Sam Huff stood out among his fellow Giants legends

They were, in so many ways, the last princes of the city — those Giants of the late 1950s and early 1960s who ferociously took on all NFL comers each Sunday at Yankee Stadium then relived it all later on at Toots Shor’s or some of the other fashionable watering holes in Fun City. They played in The Bronx, but they ruled Manhattan.

And they became folk heroes.

The roster of idols was deep and it was colorful, and often only needed nicknames or surnames for instant identification. Giff. Chuckin’ Charlie. Rosey. Rote. Robustelli.

And in the very middle of all of it was Robert Lee Huff Sr. — even he was never sure how he became “Sam” along the way — who was the one that inspired 65,000 devotees every Sunday to roar “Deeee-fense! Deeee-fense!!!” from his place in the middle of the linebacking corps.

Huff died at 87 on Saturday in Winchester, Va., after a long fight with dementia. His place in NFL history is secure. His place in Giants history is forever.

“Sometimes you wonder if football players are as tough as they seem,” Allie Sherman, Huff’s second head coach with the Giants, said a few years before his own death in 2015. “With Sam there was never any question about that. He was tougher than leather. He enjoyed contact. He enjoyed everything about playing football. He was a football player.”

Later, Sherman and Huff became archenemies. But there was a time when they made the most beautiful football music together, a symphony that rang out from Yankee Stadium on Sunday afternoons and lifted the NFL to the very top of the American sporting pantheon.

Sam Huff
Sam Huff
WM. Jacobellis

The Giants didn’t win as many championships as the Packers or the Colts. They still ruled pro football. And Huff, wearing his eminent No. 70 blue jersey, was the king of kings.

From 1956 — Huff’s rookie year — through 1963, the Giants played in the NFL Championship Game six times in eight years, winning the title in ’56. The fact they never added a bookend title didn’t bother their legion of fiercely loyal fans, whose devotion to the team was non-negotiable and unconditional. And Huff was among the most revered.

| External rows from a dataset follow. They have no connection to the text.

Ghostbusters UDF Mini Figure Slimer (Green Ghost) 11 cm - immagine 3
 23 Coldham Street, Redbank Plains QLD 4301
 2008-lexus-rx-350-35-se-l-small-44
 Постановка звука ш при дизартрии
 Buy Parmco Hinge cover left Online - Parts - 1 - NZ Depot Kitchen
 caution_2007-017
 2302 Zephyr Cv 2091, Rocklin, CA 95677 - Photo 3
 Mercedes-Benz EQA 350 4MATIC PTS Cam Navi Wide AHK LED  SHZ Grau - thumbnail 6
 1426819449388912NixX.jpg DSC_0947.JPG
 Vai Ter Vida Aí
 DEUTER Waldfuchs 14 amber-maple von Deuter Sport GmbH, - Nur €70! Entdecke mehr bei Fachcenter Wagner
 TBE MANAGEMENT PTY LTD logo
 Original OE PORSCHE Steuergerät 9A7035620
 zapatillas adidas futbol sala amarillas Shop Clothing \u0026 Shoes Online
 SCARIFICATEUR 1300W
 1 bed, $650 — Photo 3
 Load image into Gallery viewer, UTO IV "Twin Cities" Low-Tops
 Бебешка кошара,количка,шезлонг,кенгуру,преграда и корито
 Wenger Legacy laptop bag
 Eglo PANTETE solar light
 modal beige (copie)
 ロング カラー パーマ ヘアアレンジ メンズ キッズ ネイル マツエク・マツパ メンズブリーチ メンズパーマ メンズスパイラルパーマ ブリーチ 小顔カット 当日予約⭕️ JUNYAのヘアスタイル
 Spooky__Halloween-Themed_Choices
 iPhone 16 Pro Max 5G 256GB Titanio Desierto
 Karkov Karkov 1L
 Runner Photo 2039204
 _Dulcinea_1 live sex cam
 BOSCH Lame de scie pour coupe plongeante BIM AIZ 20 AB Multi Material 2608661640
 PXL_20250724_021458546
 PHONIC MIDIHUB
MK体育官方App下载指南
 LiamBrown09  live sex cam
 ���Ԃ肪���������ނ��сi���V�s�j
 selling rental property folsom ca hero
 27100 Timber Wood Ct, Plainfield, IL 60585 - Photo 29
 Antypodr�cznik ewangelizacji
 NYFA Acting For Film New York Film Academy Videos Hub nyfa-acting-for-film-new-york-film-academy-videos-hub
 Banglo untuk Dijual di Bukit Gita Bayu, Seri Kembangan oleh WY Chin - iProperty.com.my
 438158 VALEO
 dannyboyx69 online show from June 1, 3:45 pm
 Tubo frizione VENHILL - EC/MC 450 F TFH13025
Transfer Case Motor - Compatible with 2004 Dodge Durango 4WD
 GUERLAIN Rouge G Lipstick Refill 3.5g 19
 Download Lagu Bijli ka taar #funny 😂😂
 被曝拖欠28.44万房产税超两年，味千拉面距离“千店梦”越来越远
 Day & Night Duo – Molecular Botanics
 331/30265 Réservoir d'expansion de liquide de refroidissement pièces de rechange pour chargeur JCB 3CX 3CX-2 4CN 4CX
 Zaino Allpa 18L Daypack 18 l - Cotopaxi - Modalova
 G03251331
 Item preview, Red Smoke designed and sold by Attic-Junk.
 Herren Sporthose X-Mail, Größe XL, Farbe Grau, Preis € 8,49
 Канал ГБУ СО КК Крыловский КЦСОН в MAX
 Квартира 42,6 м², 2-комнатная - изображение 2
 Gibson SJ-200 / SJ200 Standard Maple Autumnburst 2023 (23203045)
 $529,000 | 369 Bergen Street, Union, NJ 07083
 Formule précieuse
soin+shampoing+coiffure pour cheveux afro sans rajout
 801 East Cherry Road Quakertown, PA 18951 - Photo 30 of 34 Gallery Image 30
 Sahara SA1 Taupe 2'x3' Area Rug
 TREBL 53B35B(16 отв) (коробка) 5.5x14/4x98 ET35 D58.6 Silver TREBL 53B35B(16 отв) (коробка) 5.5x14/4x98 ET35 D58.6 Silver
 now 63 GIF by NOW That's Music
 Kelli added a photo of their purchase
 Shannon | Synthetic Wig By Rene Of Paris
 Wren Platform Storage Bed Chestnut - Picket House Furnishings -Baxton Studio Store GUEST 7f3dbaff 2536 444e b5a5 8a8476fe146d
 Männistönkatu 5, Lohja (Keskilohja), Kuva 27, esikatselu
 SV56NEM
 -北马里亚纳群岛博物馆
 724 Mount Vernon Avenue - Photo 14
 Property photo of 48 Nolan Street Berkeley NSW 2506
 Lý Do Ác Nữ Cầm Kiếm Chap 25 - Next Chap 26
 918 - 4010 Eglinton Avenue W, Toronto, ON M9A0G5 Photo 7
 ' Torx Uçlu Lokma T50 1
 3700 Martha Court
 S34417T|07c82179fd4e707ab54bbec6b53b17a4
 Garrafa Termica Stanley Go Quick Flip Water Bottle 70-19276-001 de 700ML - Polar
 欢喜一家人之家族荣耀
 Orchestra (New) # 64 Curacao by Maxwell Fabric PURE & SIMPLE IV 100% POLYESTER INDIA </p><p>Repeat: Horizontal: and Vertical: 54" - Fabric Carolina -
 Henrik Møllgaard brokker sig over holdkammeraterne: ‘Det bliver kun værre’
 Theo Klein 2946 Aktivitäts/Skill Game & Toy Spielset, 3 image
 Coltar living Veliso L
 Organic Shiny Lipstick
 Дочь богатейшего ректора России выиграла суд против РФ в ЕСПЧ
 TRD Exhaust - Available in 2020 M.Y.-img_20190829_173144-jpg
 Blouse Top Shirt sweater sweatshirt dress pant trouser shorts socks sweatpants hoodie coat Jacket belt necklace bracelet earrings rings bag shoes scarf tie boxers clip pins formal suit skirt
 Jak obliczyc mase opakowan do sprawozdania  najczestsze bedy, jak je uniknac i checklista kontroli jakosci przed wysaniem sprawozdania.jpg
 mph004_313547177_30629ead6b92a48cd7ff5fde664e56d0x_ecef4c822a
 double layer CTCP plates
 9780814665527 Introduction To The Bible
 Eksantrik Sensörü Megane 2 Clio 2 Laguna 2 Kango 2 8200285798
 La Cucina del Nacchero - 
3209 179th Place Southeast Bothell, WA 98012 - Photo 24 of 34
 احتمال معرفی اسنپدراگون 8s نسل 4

In 1959 Huff was featured on the cover of Time magazine under the headline “A Man’s Game.” A year later, he was the subject of a CBS documentary titled “The Violent World of Sam Huff,” and his legend, legacy and reputation were cast in iron for the ages.

“Sam was one of the greatest Giants of all time,” Giants co-owner John Mara said in a statement. “He was the heart and soul of our defense in his era.”

Giants linebacker Sam Huff tackles Packers running back Jim Taylor during a 1962 game.
Giants linebacker Sam Huff tackles Packers running back Jim Taylor during a 1962 game.
AP

After Sherman took over for Jim Lee Howell, he led the Giants to the title game in 1961, ’62 and ’63, losing all three times — twice to the Packers and once to the Bears. Huff was actually spared the Giants’ bottoming-out that followed — the team went 2-10-2 in 1964, the first of 17 straight seasons out of the playoffs — when he was traded to Washington after the 1963 season. But Huff was devastated leaving the team and the city, and never forgave Sherman for what he believed was his prime role in exiling him to Washington.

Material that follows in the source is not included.